その微かな逡巡は大迫にも伝わり「話すことありません」と、ビシっと返答されるのだ。話が短すぎる、その短さたるやハンパない! とスポーツ紙の記事になっているのを見たことまであるが、本当に短いのだ。
だが、大迫のハンパなさはそこではないと筆者は思っている。かなり以前からそうだが、たとえ30秒でも話をすれば必ずそこに実のある話、フレーズが盛り込まれている。
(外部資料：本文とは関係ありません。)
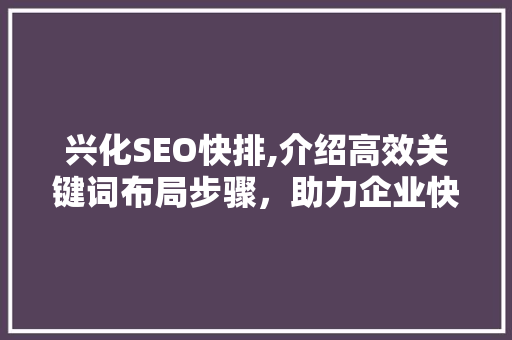 兴化SEO快排,介绍高效关键词布局步骤，助力企业快速提升网站排名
本人はそんなことを意識しているわけではないので、とても自然な言葉として出てくる。
取材者の目線でいえば、大迫は短時間で使えるワードをくれる効率の良さ、言葉の発し方自体に特徴のある選手なのだ。そういったタイプの選手はそういるものではなく、長く話してもいつもとそれほど変わらない、という選手も多い。
それはそれで話を聞くのが楽しかったりもするが、大迫の場合はその短さと内容量のバランスがハンパないのだ。そして、その態度が概ね誰に対しても変わらないあたりも、好感が持てる。
超有名密着ドキュメンタリー番組でもその態度は変わらず、スタッフはさぞ苦労しただろうなと思った。たとえるなら誰にも懐かない野良猫、といった感じだろうか。
「ほんとミスすることを承知の上で」
先のセネガル戦で、大迫は大きなチャンスを外している。だが、次に向けて切り替えていかねばならない、という話は少し丁寧にしてくれた。
「チャンスは決めなきゃいけないし、悔しかった場面ですけど、僕らだけじゃなく相手も外しているので。そこで、メンタル的に折れる方がダメなことであって、僕らはほんとミスすることを承知の上でチャレンジするしかないと思ってるし、うん。そこはもう続けて続けて前を向いてやるしかないですね」
例えば、続けて続けてと2回続けて噛み締めながら話すあたり、ぐっとこちらの心を掴むのである。